DMARC Analyzer - SPF Failure Explained

This article contains information on SPF failure types in DMARC Analyzer, explaining qualifiers like Pass, Neutral, Softfail, Fail, None, Permerror, and Temperror, and their meanings in email authentication.

When aligning sources in DMARC Analyzer you may see several failures. But what do all these failures mean? All possible failures are listed below.

SPF

SPF records can contain multiple ‘mechanisms’. These are parts of the SPF record describing (a set of) valid sending IP addresses for this domain.

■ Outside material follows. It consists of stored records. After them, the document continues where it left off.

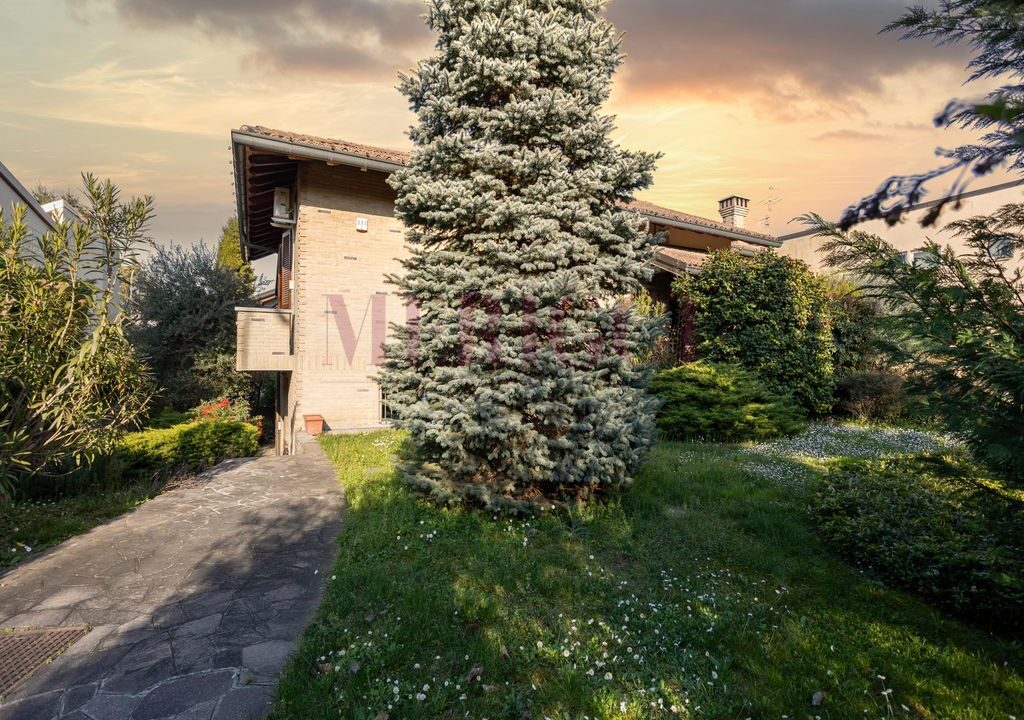 vialetto ingresso pedonale e giardino lato ovest, seregno, meriggi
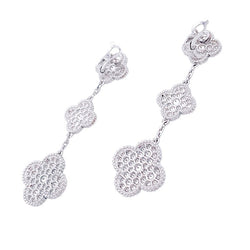 Boucles d'oreilles VAN CLEEF & ARPELS "Magic Alhambra" or blanc, diamants - Castafiore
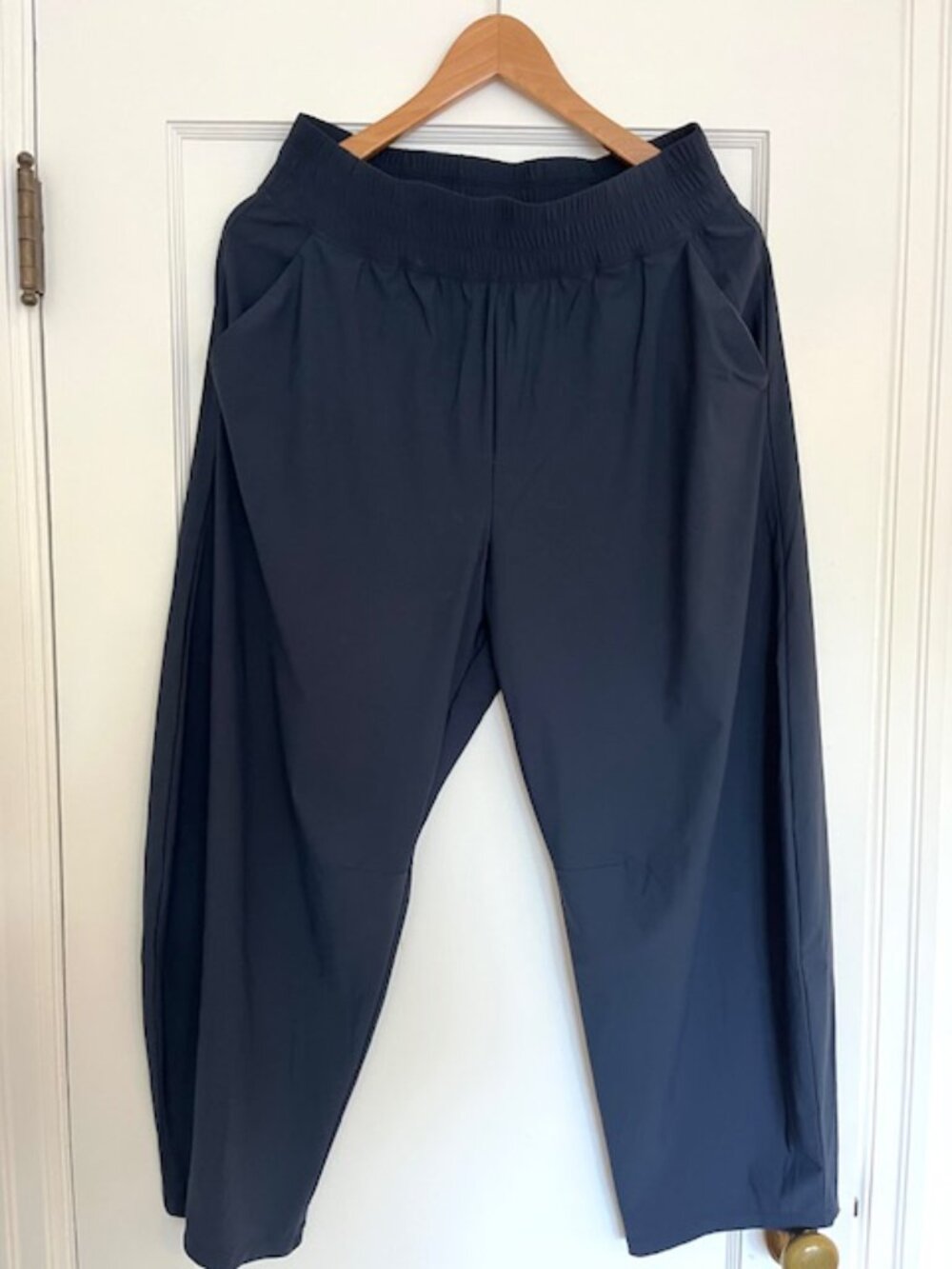 Old Navy SleekTech Barrel Pants in Dusk Navy | Size Medium - Picture 5 of 10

Mechanisms can be prefixed with one of four qualifiers:
“+” “Pass”
“-” “Fail”
“~” “Softfail”
“?” “Neutral”

Using these qualifiers you can specifically instruct a policy to apply to the IP addresses in that mechanism.

If a mechanism results in a hit, its qualifier value is used as an SPF result. The default qualifier is “+”, i.e. “Pass”. For example:
“v=spf1 -all”
“v=spf1 a -all”
“v=spf1 a mx -all”
“v=spf1 +a +mx -all”

“Pass”
The SPF record designates the host to be allowed to send

“Neutral”
Mechanisms are evaluated in order. If no mechanism or modifier matches, the default result is “Neutral”.

“Softfail”
The SPF record has designated the host as NOT being allowed to send but is in transition.

“Fail”
The SPF record has designated the host as NOT being allowed to send.

“None”
The domain does not have an SPF record or the SPF record does not evaluate a result.

“Permerror”
A permanent error has occurred (eg. a badly formatted SPF record)

“Temperror”
A transient error has occurred. This can occur when there was a temporary issue while retrieving certain DNS records.